The bipartisan resolution was introduced by Sen. Jeff Merkley, D-Ore., and Sen. Thom Tillis, R-N.C., after House Speaker Mike Johnson, R-La., refused to hang the plaque as required by a 2022 federal law. Johnson’s office has argued that the law was “not implementable” because the legislative language from that bill said the plaque should display the names of officers who protected the Capitol, while the plaque that was produced named the law enforcement agencies that responded to the Capitol siege.

Johnson played a key role in President Donald Trump’s efforts to overturn the 2020 election results, leading a legal brief that sought to disenfranchise voters in four key swing states that Joe Biden won.

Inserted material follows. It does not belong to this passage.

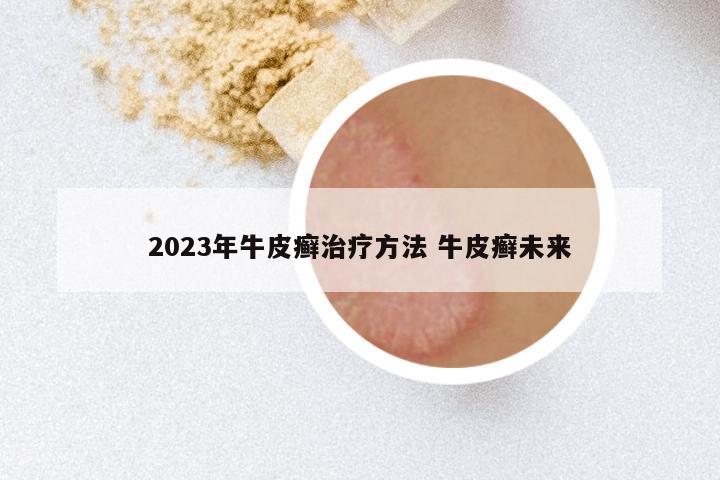 2023年牛皮癣治疗方法 牛皮癣未来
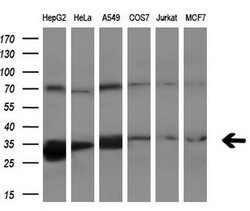 PECR Mouse anti-Human, Clone: OTI1C9, lyophilized, TrueMAB 100 &mu;g; Unconjugated:Antibodies,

The Supreme Court in December 2020 rejected the eventual Texas lawsuit that Johnson and other Trump allies backed.

Tillis, who is not seeking re-election, told reporters after the resolution passed that there were two locations they think would be good places for the plaque: on the first floor where visitors check in for meetings in offices at the Capitol, or on the third floor where tours take visitors on their way to see the gallery above the Senate chamber to watch Senate proceedings.

Tillis, an outspoken supporter of the Capitol Police efforts on Jan. 6 and a critic of those who have downplayed the attack, called the resolution “a fast way to get it up, and then it will stay up until a final permanent place is found.”

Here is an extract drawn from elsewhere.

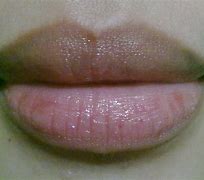 Image result for Juvederm Lips Before and After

“Until I heard the report of [Johnson] saying it was unimplementable, I just thought it was typical D.C. bureaucracy, because it’s hard to move things around here, you know, even little things in our offices, because of historic implications,” Tillis said. “So, I said, ‘All right, we got a defect, let’s fix it.’ So that’s how we fixed it in three days.”

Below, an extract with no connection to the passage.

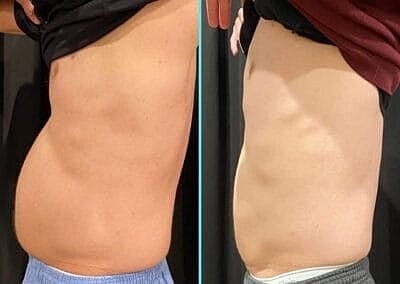 truSculpt vs. CoolSculpting: Is It Better to Freeze or Melt Fat? - Image 3
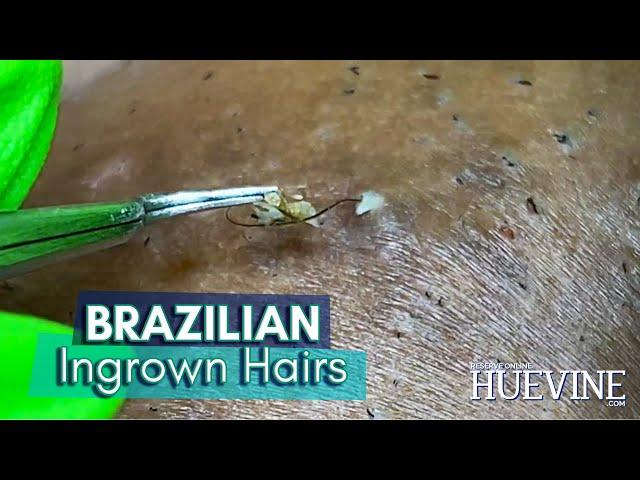 Removing Embedded Hairs From A Brazilian Laser Hair Removal #Showoff​ | HueVine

The resolution passed by unanimous consent, meaning no roll call vote was needed since all 100 senators agreed not to object. It does not need to be passed by the House or signed by Trump to be implemented.

congressional award medal gold
A display case showing the Congressional Gold Medal awarded to those who responded to the Jan. 6, 2021, attack on the U.S. Capitol is on display at the exhibition hall of the Capitol Visitor’s Center in 2024.Frank Thorp V / NBC News

“It’s so important that we fulfill the vision of the 2022 law and get this plaque up to honor those police officers,” Merkley said on the Senate floor Thursday. “What this resolution is saying is we in the Senate will put it up here in a publicly available space until a deal can be reached with the House of Representatives to display it. Both chambers have to agree on that, but to put it up here in the Senate in a place where the public can see it, that we can do here on our own.”

The Senate vote comes amid the Trump administration’s efforts to rewrite the history of the Jan. 6 attack, which led to criminal charges against Trump that were dropped after he was elected in 2024. Former special counsel Jack Smith, who brought those charges, recently told lawmakers that Trump was “the most culpable and most responsible person” in the conspiracy to interfere in the 2020 election, and that prosecutors compiled “proof beyond a reasonable doubt” that Trump engaged in a “criminal scheme” to overturn his electoral loss to Biden.

In an earlier report authored by Smith, he said that Trump “inspired his supporters to commit acts of physical violence” on Jan. 6 and that Trump knowingly spread “demonstrably and, in many cases, obviously false” claims about the 2020 election.

Brendan Ballou, a former Jan. 6 prosecutor for the Justice Department now representing officers who sued over the government’s failure to follow the law requiring the plaque’s display, said litigation over the plaque will continue even after Senate passage of the resolution.

Ballou told NBC News that he’s pleased the plaque will “ensure that the officers who defended those inside are honored.”

“That said, until the plaque has a permanent home, as required by law, our litigation will continue,” he added.

Former Speaker Nancy Pelosi, D-Calif., told NBC News this week that the plaque will be properly installed after the 2026 midterm elections if Democrats win back the House.

“Just wait 10 more months. Hakeem [Jeffries] will be speaker and we will place it in the place of honor. Yes, we will,” Pelosi said in the Capitol on the fifth anniversary of the riot.

Asked where it will go, Pelosi said, “Speaker Jeffries will decide that.”